"Street Critique"-Kevin Depew, Managing Editor, Minyanville.com
Wednesday, May 23, 2007PAUL KANGAS: With the broad-based Standard & Poor's 500 now joining the Dow near record high levels, tonight's "street critique" guest is seeing a worrisome trend in one of its key indicators that he's watching. He's Kevin Depew, managing director of the financial education web site minyanville.com. Kevin, welcome back to NIGHTLY BUSINESS REPORT.
KEVIN DEPEW, MANAGING EDITOR, MINYANVILLE.COM: Thank you, Paul. Nice to be here.
KANGAS: I take it that you're feeling a bit contrary about stocks at these levels. Why is that? What are you seeing that others are most others aren't?
DEPEW: Maybe I'm not the only one. I noticed that this afternoon former Federal Reserve Chairman Alan Greenspan had some negative comments to make about Chinese stocks.
KANGAS: True.
DEPEW: What I'm seeing in the market is that there's an indicator called the Russell 2000 bullish percent index. That indicator just tracks the percent of stocks on the Russell 2000 that are on (INAUDIBLE) and were actually the lower level and negative on that indicator even as the Russell 2000 has made new highs lately and that's a worrisome trend. That's saying that fewer and fewer stocks are responsible for the index going down (ph).

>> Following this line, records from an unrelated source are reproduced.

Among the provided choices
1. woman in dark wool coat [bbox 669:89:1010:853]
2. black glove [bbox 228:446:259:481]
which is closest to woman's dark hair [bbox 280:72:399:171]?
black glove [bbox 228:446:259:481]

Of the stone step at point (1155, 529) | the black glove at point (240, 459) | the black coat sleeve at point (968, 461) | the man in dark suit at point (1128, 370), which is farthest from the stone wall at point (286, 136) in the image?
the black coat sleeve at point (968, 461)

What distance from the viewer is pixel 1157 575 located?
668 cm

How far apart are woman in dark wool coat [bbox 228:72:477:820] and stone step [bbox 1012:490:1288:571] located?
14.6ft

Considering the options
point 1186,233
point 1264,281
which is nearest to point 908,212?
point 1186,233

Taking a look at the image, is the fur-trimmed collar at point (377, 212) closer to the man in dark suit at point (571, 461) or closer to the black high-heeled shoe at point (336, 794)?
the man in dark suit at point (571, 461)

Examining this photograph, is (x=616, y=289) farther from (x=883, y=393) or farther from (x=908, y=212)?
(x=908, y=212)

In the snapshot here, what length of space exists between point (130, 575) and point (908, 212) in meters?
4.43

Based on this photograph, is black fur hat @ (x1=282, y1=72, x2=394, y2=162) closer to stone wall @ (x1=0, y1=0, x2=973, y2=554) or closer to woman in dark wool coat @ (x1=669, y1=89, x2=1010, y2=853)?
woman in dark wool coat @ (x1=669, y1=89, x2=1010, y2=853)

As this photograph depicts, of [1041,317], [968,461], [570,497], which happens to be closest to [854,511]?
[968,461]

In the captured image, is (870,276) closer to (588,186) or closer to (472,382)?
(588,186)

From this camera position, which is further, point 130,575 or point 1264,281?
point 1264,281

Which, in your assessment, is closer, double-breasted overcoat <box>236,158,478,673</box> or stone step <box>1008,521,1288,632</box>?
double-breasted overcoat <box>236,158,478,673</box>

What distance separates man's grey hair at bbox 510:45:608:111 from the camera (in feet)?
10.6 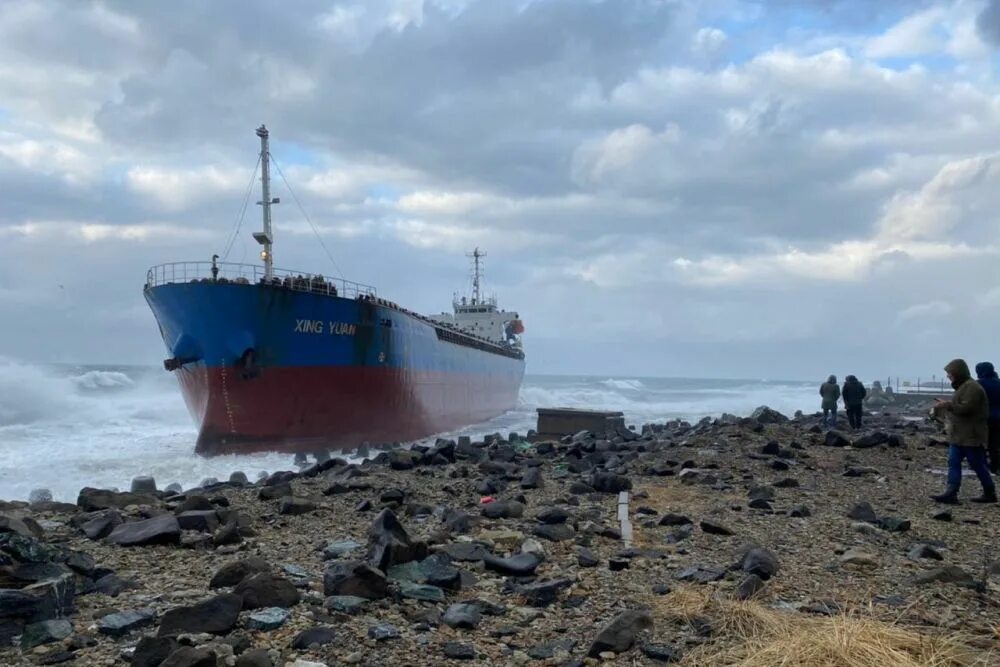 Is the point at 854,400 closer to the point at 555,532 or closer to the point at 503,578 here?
the point at 555,532

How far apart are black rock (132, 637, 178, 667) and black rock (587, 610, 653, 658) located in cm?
175

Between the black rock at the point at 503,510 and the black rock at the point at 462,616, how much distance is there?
2609 millimetres

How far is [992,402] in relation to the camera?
8.45m

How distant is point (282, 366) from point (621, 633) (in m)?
15.7

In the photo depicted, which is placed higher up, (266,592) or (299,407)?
(299,407)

KANGAS: And that's a very broad-based index, is it not?
DEPEW: Absolutely. On the other side of the coin, we are seeing positive movement in the S&P 500 indicator and for the NYSE so there's a large cap bias going on.

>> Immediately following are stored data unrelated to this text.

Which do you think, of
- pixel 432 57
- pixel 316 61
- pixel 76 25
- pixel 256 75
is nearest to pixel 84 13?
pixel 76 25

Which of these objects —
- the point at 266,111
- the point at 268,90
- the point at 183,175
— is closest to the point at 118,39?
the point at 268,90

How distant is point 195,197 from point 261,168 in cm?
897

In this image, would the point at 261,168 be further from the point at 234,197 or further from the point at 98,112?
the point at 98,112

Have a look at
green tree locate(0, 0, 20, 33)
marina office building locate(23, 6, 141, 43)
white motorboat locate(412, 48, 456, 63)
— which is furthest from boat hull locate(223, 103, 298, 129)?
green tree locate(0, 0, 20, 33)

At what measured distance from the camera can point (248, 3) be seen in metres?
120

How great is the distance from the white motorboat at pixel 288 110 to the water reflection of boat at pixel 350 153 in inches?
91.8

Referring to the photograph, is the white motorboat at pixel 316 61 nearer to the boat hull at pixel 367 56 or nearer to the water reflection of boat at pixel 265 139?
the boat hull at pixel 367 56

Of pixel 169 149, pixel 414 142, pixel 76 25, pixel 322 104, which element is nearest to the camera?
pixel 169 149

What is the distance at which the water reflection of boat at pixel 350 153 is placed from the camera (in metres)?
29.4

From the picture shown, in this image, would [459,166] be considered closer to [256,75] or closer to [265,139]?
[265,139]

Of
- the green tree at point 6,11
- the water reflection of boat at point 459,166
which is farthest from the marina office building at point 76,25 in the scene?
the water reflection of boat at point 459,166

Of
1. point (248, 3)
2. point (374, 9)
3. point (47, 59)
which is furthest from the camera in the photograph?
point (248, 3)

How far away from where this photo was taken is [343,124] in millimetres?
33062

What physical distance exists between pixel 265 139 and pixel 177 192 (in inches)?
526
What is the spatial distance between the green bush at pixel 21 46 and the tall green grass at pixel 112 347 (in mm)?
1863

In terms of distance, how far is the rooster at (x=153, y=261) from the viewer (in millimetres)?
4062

KANGAS: Are there any specific sectors you're avoiding and if so why?
DEPEW: Absolutely. I want to stay away from consumer discretionary. I think the consumer is running into some trouble as well health care. I think there are some political issues on the horizon that we need to be aware of and real estate investment trusts. I'm not concerned that the housing market is downtrend. Building stocks may have reached a low, but certainly real estate investment trusts have been supported pretty well over the past couple of months.
KANGAS: However, I understand that you do have a couple of picks on the long side for our viewers that you consider contrarian plays. What is your first pick?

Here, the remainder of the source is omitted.